Hundreds of mourners rallied at Brooklyn Supreme Court on Tuesday to demand criminal charges against an 84th Precinct cop who declined to give CPR to an 11-year-old Carroll Gardens girl as she was suffering a fatal asthma attack last week.
The officer, Alfonso Mendez, has been suspended for his role in the death of Briana Ojeda — but the District Attorney’s office has said that he is facing no charges.
“We want the DA to file charges of reckless endangerment, endangering the welfare of a child and reckless misconduct,” said Bonita Zelman, the Ojeda family’s lawyer.
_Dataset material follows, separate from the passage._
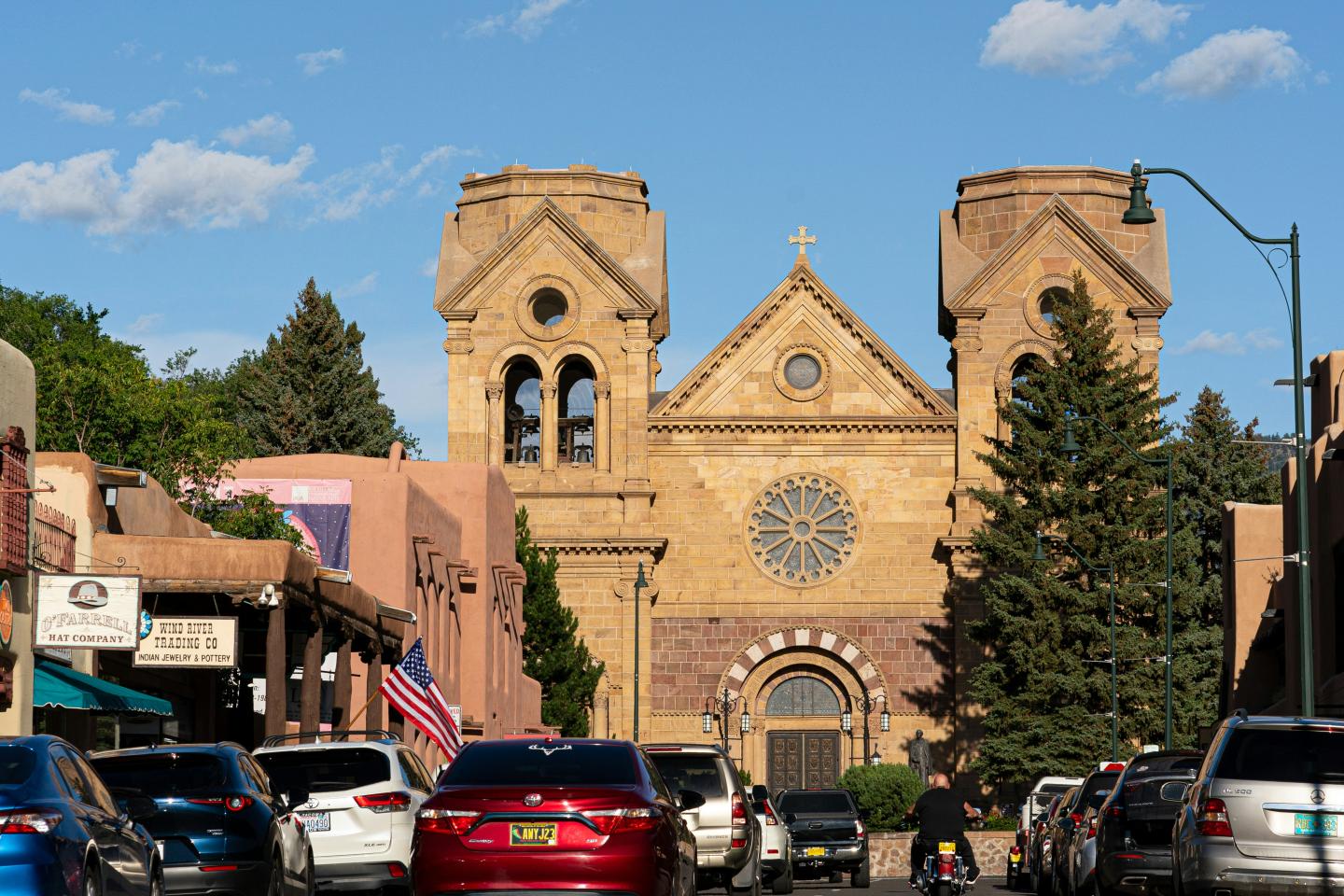 Historic cathedral with two towers, parked cars, and blue sky.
Marchers carried graffiti-style, spray-painted signs on the Court Street side of Borough Hall, calling for a law requiring all police officers to be retrained and re-certified in CPR every year.
Currently, cops are only trained and certified in the police academy. During Briana’s attack, Mendez apparently told Briana’s mother, Carmen Delgado, that he did not know how to perform the life-saving technique.
The legislation already has a name: Briana’s Law.
“I will push the legislation until we get it done,” said Assemblyman Felix Ortiz (D-Red Hook).
Mendez has not denied that he doesn’t know CPR, but has claimed that he is not responsible for Briana’s death, despite Delgado’s contention that he detained her to give her a ticket when she struck a car in her mad dash to get Briana to the hospital. The five-year NYPD vet told reporters that someone was already performing CPR on Briana and that the girl was receiving oxygen from a tank that her mother always kept handy in the event of an attack.
The rally was almost as emotional as Briana’s funeral last week, when hundreds of mourners dressed in white to mourn as a horse-drawn carriage carried Briana’s coffin to St. Francis Xavier Church in Park Slope.
Officials at the 84th Precinct declined to comment, and a spokesman from NYPD headquarters did not respond to e-mail requests for information.